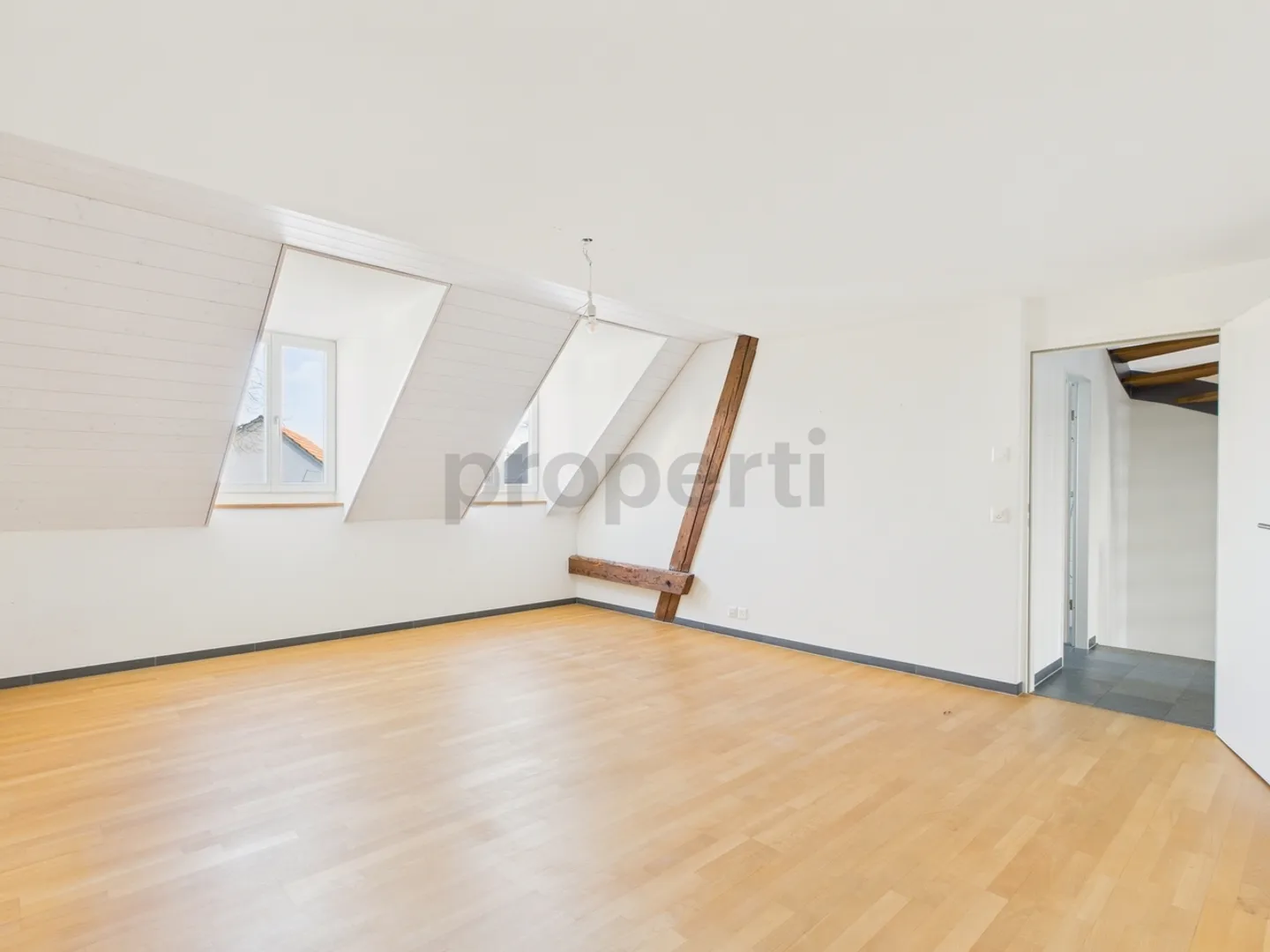 Moderne Maisonette mit grosser Terrasse - Foto 7 von 11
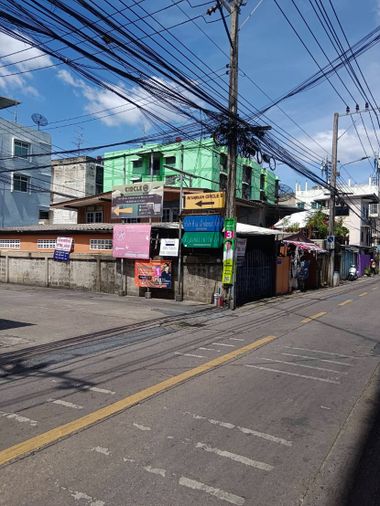 ขายบ้านเดี่ยว 4 ห้องนอน 180 ตร.ม. 49 ตร.ว. เขตจอมทอง
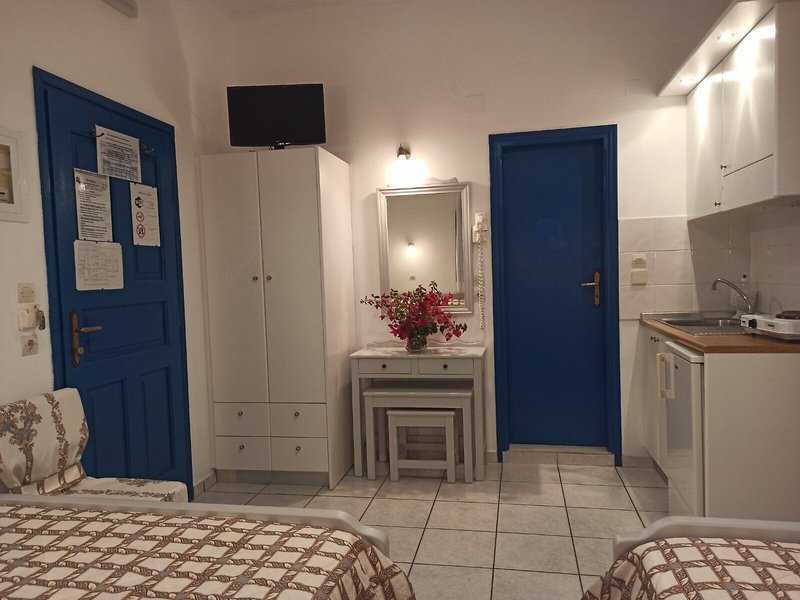 Ancient Thera Studios & Restaurant 21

Exercise prompt.
From the first line to the last, give the data again exactly, but without pictures.

Written solution.
 Moderne Maisonette mit grosser Terrasse - Foto 7 von 11
 ขายบ้านเดี่ยว 4 ห้องนอน 180 ตร.ม. 49 ตร.ว. เขตจอมทอง
 Ancient Thera Studios & Restaurant 21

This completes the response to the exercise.